What does it mean when, out of the seeming blue, an old forgotten topic (friendship) towers up and bares a crack? Recently there has been article upon article about broken friendships, unreciprocated friendships, qualities conducive to friendship, and so on. Alexander Nehamas’s book On Friendship came out fairly recently. (I will read it; it looks promising.) Could it be that friendship overall is in bad shape?
The articles point to some kind of friendship mismatch or misunderstanding. With the prevalence of Facebook, people aren’t sure how to define friendship or where to set its limits. It’s hard to tell whether your friendships are nonexistent, circumstantial, or enduring, especially when so much communication takes place online and people are so frazzled.
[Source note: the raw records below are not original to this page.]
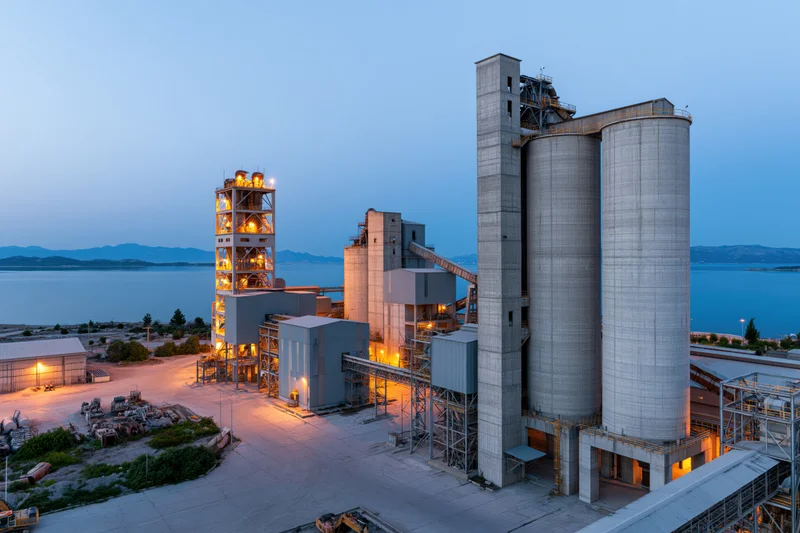 Cement factory complex with tall concrete silos and industrial structures at twilight near water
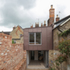 Bruton Narrow House - North elevation showing reconstructed rear portion of house and brick terraces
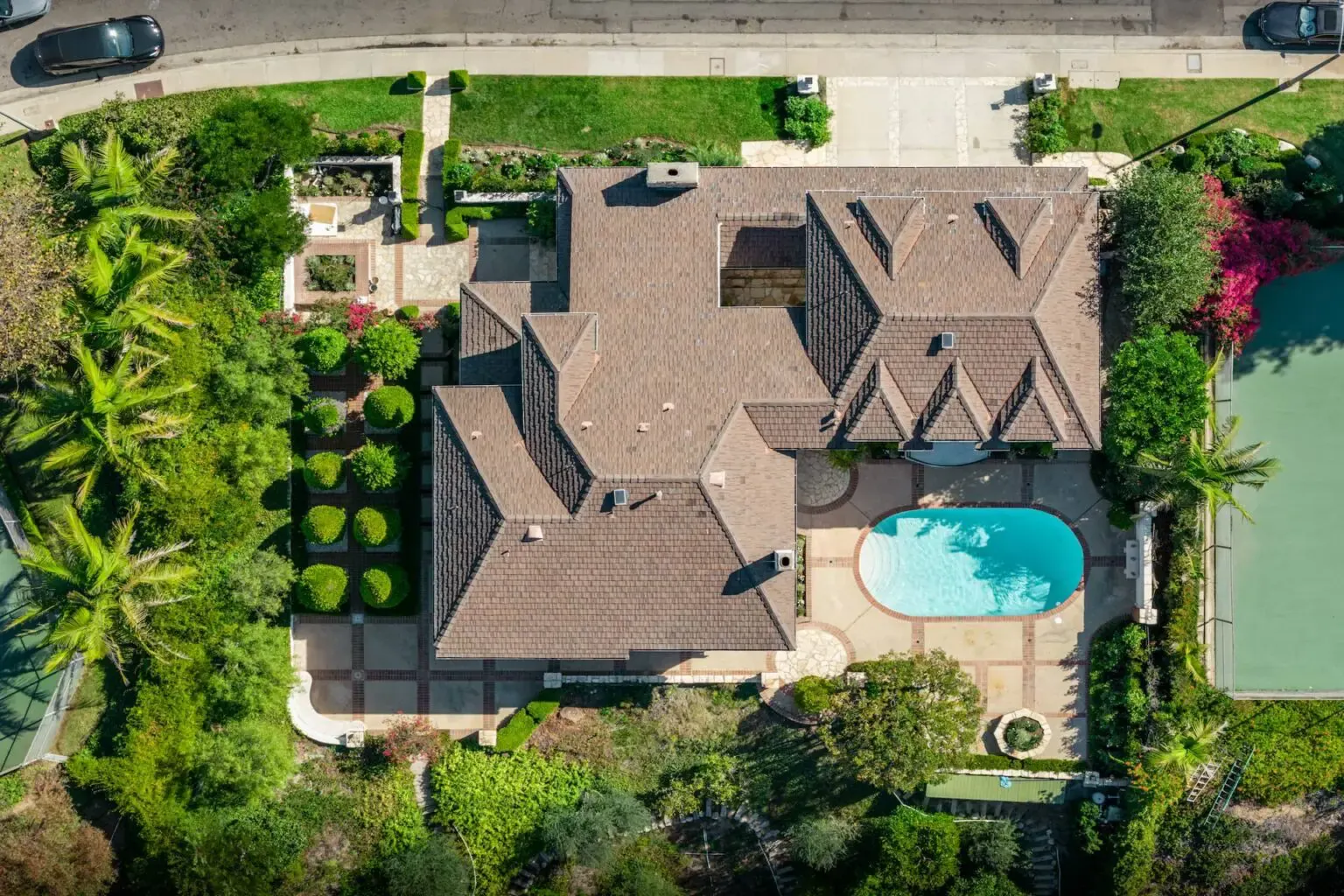 Aerial view of a home, pool and gardens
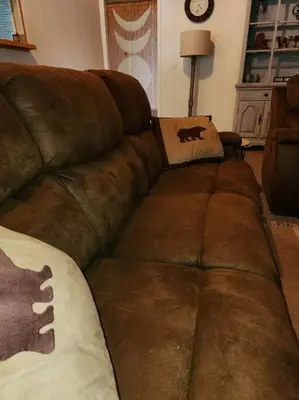 a brown leather couch in a living room at The Ponderosa in Running Springs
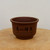 A detailed, eye-level photograph shows a round, unglazed ceramic bonsai pot crafted from smooth, reddish-brown clay. The pot features a matte finish with a wide, slightly flared rim and a body that tapers gently toward a narrow base. 

Centrally featured on the front of the pot is elegant, hand-etched Chinese calligraphy in black ink. The four large characters, "吉祥如意" (Jíxiáng rúyì), are written in a traditional style and translate to "good fortune and as one wishes." Beneath these prominent characters are several columns of smaller, finely etched inscriptions. 

The pot is resting on a light-colored, rustic cross-section of a wooden log, showcasing the natural grain and a small crack in the wood. The background is a clean, neutral off-white, which emphasizes the traditional aesthetic and earthy tones of the etched bonsai container.
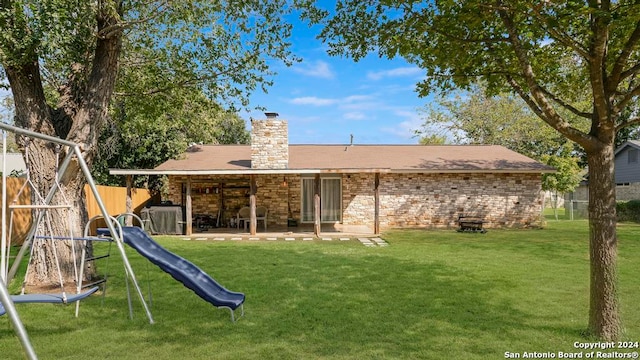 back of property featuring a playground, a patio, and a yard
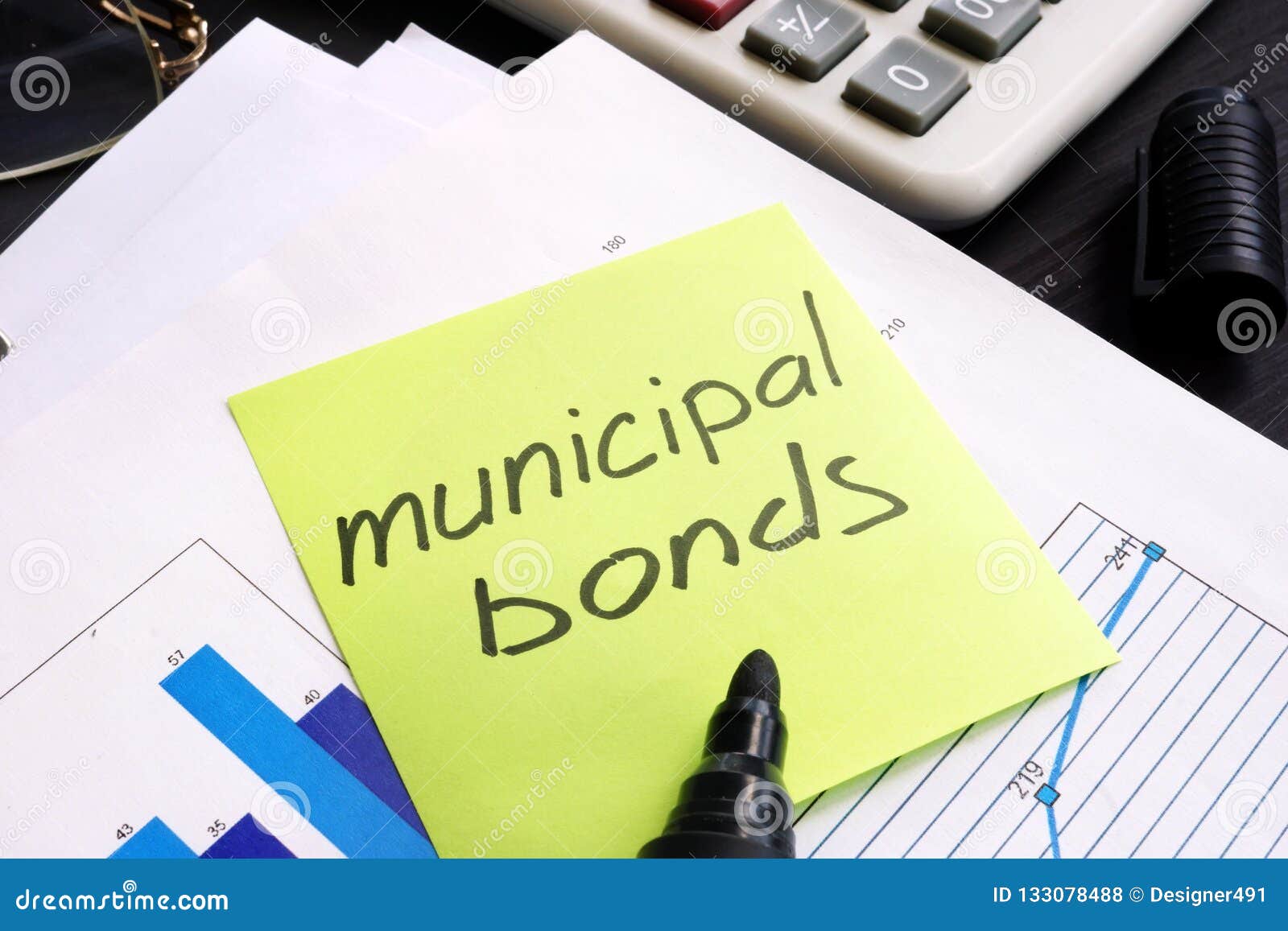 municipal bond written on a memo stick and documents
To have good friendship, you need a place that isn’t shifting under your feet.
Also, despite all this friendship press, many people don’t want to take up the subject in the first place. If you talk about friendship, you get cast as touchy-feely. Yet friendship is one of the ancient subjects of poetry and philosophy, one of the oldest subjects in literature. Gilgamesh goes out beyond the land of the living to search for his friend who has died. “Ze dodi veze re’ei” (“This is my beloved and this is my friend”), says the Song of Songs. Aristotle wrote of friendship as reciprocal goodwill, where both people want what is good for the other. It must be based on virtue, he argues, because nothing else will sustain itself.
I am fortunate to have a few friends in my life—friends I have known for decades, and friends I made in the past few years. We may not see each other often, but the friendships exist in person and persist. I do not talk about them in detail online (or offline, for that matter), but at least I don’t worry about becoming friendless, even though it could happen to me as well as anyone.
I worry more about a general harshness in the air. People are quick to reject difference, quirkiness, and things they don’t understand. The topic of friendship needs attention—but without personality quizzes, confessional sessions, or anything reductive.
If there’s unspoken damage done by this election campaign, it’s the extreme glorification of celebrities, the turning of all heads toward these candidates and their every move. Yes, the election has this country on a precipice, but Clinton and Trump themselves are unknown to me, except as public figures and possible leaders, and merit my attention in that regard only.
A friend and colleague reminded me today of the Enchiridion of Epictetus. I started rereading it.This was a favorite passage:
These reasonings are unconnected: “I am richer than you, therefore I am better”; “I am more eloquent than you, therefore I am better.” The connection is rather this: “I am richer than you, therefore my property is greater than yours”; “I am more eloquent than you, therefore my style is better than yours.” But you, after all, are neither property nor style.
Epictetus was wise to separate property and talent from the person; instead of saying “you are more than your possessions,” he says something even stronger: “But you, after all, are neither property nor style.” In other words, a person is both bare and vast, not a sum of things, but an entity beyond them.
Note: I made a few minor changes and an addition to this piece after posting it.